In the material below, find the line that contains "Hello, I'm Damian" and the line that contains "Another application for", then write out exactly those two lines and everything between them.

__Records shown__
== == ==
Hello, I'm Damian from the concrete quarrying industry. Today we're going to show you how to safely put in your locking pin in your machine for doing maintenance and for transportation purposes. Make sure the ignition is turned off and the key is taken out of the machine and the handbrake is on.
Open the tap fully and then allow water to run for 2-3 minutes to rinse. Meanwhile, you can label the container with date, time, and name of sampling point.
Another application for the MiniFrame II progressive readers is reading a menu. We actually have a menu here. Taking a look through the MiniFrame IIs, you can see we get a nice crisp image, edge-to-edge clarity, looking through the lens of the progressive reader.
== == ==
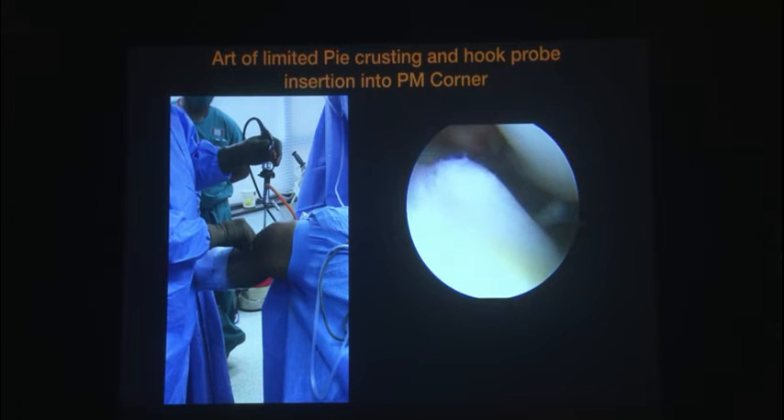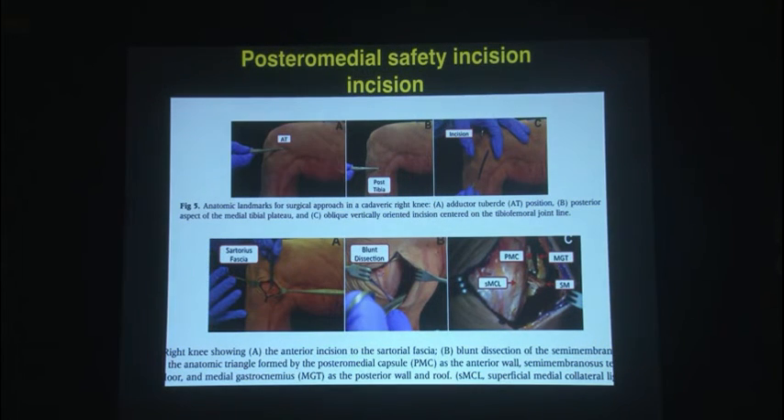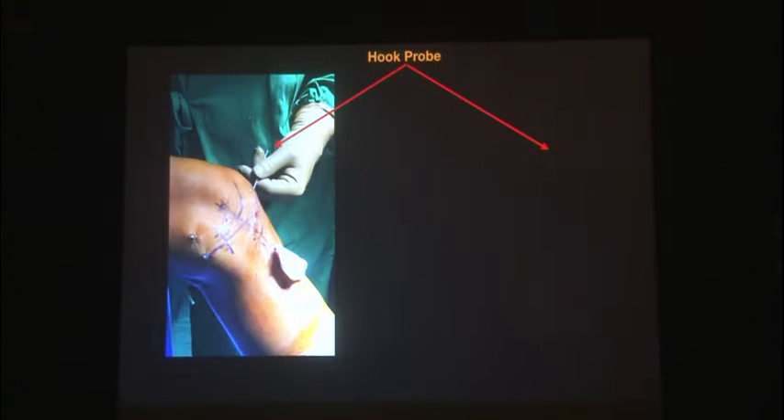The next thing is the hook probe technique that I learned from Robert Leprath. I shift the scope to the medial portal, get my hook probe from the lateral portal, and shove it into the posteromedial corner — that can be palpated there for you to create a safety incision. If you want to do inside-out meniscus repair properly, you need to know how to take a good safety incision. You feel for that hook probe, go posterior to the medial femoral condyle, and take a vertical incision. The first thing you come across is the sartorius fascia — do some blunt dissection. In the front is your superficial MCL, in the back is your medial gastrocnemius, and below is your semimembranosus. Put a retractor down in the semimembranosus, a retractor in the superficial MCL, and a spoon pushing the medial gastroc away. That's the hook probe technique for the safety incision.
== == ==
__Solution to the problem__
Hello, I'm Damian from the concrete quarrying industry. Today we're going to show you how to safely put in your locking pin in your machine for doing maintenance and for transportation purposes. Make sure the ignition is turned off and the key is taken out of the machine and the handbrake is on.
Open the tap fully and then allow water to run for 2-3 minutes to rinse. Meanwhile, you can label the container with date, time, and name of sampling point.
Another application for the MiniFrame II progressive readers is reading a menu. We actually have a menu here. Taking a look through the MiniFrame IIs, you can see we get a nice crisp image, edge-to-edge clarity, looking through the lens of the progressive reader.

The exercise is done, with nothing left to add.